2014年5月、タイで歴史上19回目のクーデターが発生し、東北部ナコンラーチャシマー県出身のプラユット・チャンオチャ陸軍大将を首班とする暫定政権が発足した。北部及び東北部を地盤とするタクシン派とバンコク及び南部が票田の反タクシン派のどちらにも反感を買わないように配慮した人事だが、タクシン派を勝たせない選挙を行うことが存在目的。だがクーデター発生当時私は「またか」と思い大して関心を持っていなかった。

タクシン派を勝たせないための選挙なら過去に何回も行われていたが、その全てがタクシン派の勝利に終わっていたので、選挙なんて何回やっても同じだと思っていたからだ。タイ人の大部分も選挙とクーデターの無限ループに飽き飽きしていて、別に政治に興味を持っていなかった。
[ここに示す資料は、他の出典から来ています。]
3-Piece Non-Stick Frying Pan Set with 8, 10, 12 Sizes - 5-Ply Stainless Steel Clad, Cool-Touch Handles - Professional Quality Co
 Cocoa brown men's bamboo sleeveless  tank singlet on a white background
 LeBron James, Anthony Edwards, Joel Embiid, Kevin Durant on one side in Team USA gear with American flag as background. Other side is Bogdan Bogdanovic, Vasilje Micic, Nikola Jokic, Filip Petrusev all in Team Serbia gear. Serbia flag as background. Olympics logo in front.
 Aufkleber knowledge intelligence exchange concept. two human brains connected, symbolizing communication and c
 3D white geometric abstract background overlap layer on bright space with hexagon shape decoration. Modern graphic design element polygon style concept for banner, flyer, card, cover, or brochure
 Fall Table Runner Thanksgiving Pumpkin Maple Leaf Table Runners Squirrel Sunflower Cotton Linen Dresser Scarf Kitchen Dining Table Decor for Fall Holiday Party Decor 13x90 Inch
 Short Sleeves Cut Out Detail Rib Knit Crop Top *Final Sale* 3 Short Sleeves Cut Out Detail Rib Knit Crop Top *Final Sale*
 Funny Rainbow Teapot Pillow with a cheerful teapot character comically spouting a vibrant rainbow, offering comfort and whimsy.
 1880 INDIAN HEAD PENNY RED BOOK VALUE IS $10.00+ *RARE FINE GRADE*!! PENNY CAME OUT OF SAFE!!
だが、バンコクのインテリ層は自分達の利益を守るため、民主主義の名の下で軍政に反発していた。
「私を信じて。選挙は誰も殺さない!」タイなのに英語で書かれた垂れ幕を掲げた小柄な女性は26歳の割に童顔で幼く見えた。

その女性タプティム(仮名)は某日系企業勤務のOLでクラブDJのバンコク大学卒。日本への語学留学歴もあったが、当時彼女の経歴は報道されなかった。

「民主主義のセレブ」と呼ばれ、不敬罪の廃止、選挙の早期実施をやはり英語で訴えていた謎の美少女はネット上で「あのサーオ・ウェン(眼鏡っ娘)可愛いね」と政治的主張もどこへやらアイドル視され、フェースブックでファンページも作られた。

しかし彼女には猟奇的なところがあり「自分の膣内の細菌でヨーグルトを作る」という実験とその結果を自身のフェースブックに公開していた。